President’s Blog October 2014

October and the season of mists and mellow fruitfulness! We are approaching the first anniversary of the launch of the ‘College 10 priorities campaign’ and we can celebrate a major achievement – namely a substantial increase in the numbers of doctors recruited to both CT1 and CT3 posts via the HEE funded expansion in ACCS EM posts and the GMC recognition of transferable competencies through the newly established DREEM schemes. Much credit must go to Wendy Reid and Patrick Mitchell of Health Education England as well as to Kevin Reynard who as Dean has led the work of the College on these matters.

I wrote to all fellows and members in August to highlight this achievement. However the College is equally mindful of the need to both sustain these recruitment rates whilst simultaneously addressing the related issue of retention.

The policy activities of the College are currently focused on influencing politicians of all parties and highlighting the key reforms required to ensure acute and emergency care is both safe an sustainable.

Our approach has been one of both collating data and integrating this into clear and concise information to provide a quantitative argument. We are also aware that for many of the people we wish to persuade and inform there is great value in a more narrative approach. To this end the College has been fortunate enough to obtain prime space within the party conference editions of parliament’s own magazine ‘The House’. Our message will be on the page opposite the Secretary of State, Jeremy Hunt, the shadow Secretary of State, Andy Burnham and the Health Minister Norman Lamb.

The issues raised are common to all EDs, the length and breadth of the UK and Ireland. The publication is read by MPs, constituency workers, journalists, commentators and policy advisors. Below is the transcript which I hope you will agree highlights many of the key points of our ‘CEM10’ strategy:

An 82 year old man with severe dementia and advanced cancer is brought in from a nursing home on Saturday night and dies in the company of strangers in a noisy emergency department.

The College believes that the inconvenience and indignity of similar inappropriate events is matched only by the frequency with which they occur. Not all urgent care, can or should be provided in an emergency department.

Hospital penalised for treating the sick and injured’

Extraordinary though this statement is, the current funding systems create a daily dilemma for all trust executives. To balance the books ever greater numbers of elective surgical patients must be accommodated so that the revenue from their care can cross subsidise those misfortunate enough to suffer an acute life threatening illness or injury.

Millions wasted on short term Agency staff in A&E Units’

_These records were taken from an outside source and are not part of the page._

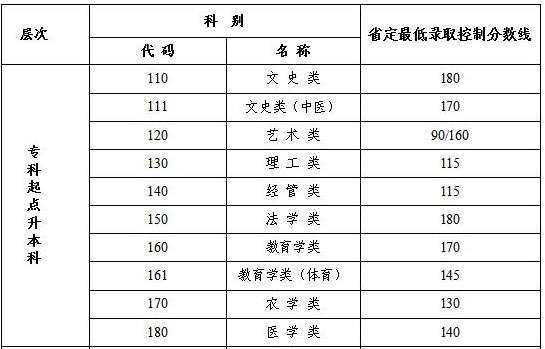 江蘇成人高考錄取查詢？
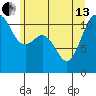 Belfair tide chart for Thursday, June 13, 2024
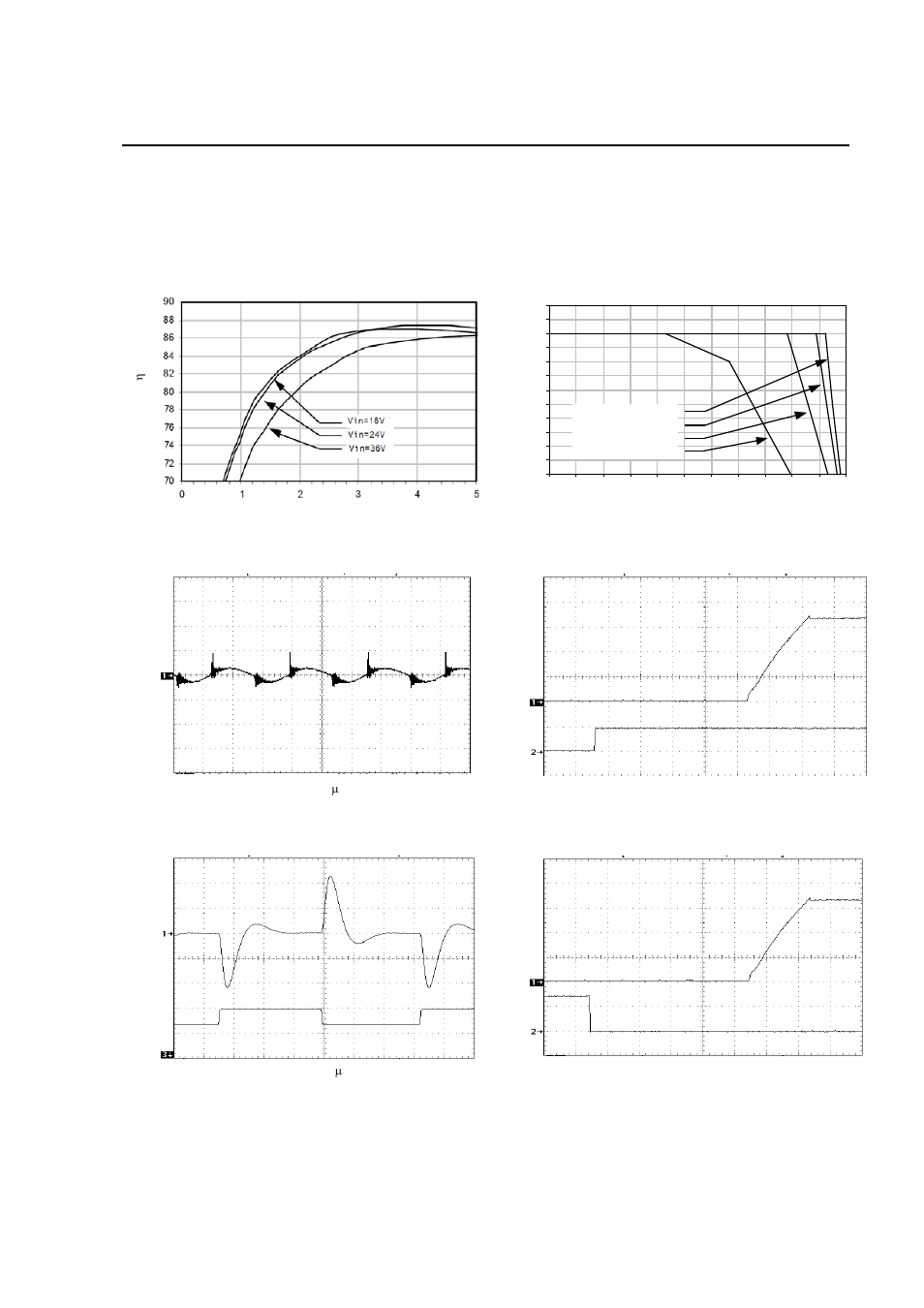 Characteristic curves, Continued) | GE Industrial Solutions HW-HC004-005-006 Series User Manual | Page 15 / 28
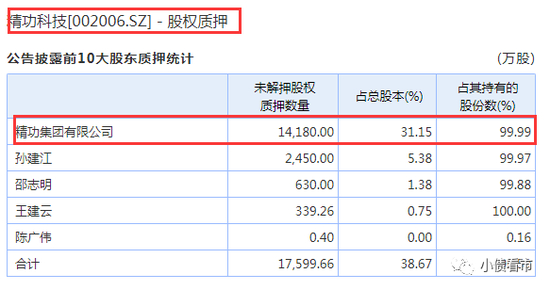  精功科技（002006.SZ）股权质押情况
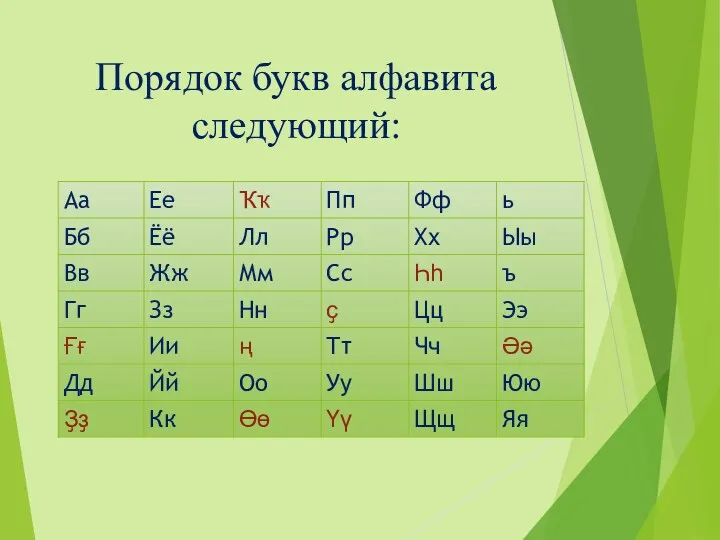 Порядок букв алфавита следующий:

Last year over £150 million pounds was spent on medical locums in A&E departments. This is almost 3/4 million pounds per department! More alarmingly it is more than the current total salary bill for all the Emergency Medicine consultants in the UK. This money should be spent more strategically to reverse the current crisis of A&E recruitment and retention.

‘My mother waited 8 hours on an ambulance stretcher’

Lack of patient flow through an A&E department is the single most pernicious way to render the system both inefficient and ineffective. Not only are paramedics unable to attend other 999 calls but patient outcomes are worsened; more pain, less care, more deaths. These all arise when the exit from an A&E is effectively blocked because of a lack of available hospital beds for those patients requiring admission.

Patients deserve better care than this.

Over the last 2 years the College has campaigned to address this toxic mixture of under-resourcing and over-spending. Fortunately other voices have joined us, politicians of all parties, Medical Education Providers, other Medical Colleges, NHS Organisations and many others.

The College now strives to act as a catalyst for action to remedy the current quagmire of unintended consequences and perverse incentives: we must build an urgent and emergency care system that provides patient focussed, safe, effective and efficient care.

The coming winter will see increased pressure on ED services and renewed interest in our departments. The College will strive to reinforce the issues of safety and sustainability and avoid ‘soundbite criticism’ of others. We have achieved a good deal of consensus on issues from ‘exit block’ and ‘crowding’, to trust finances and terms & conditions. We will hold others to account if and when such consensus is not translated into action.

I hope to see many of you at our National EM Leaders day next month at the British Library and as ever welcome any feedback from all and any member or Fellow of the College.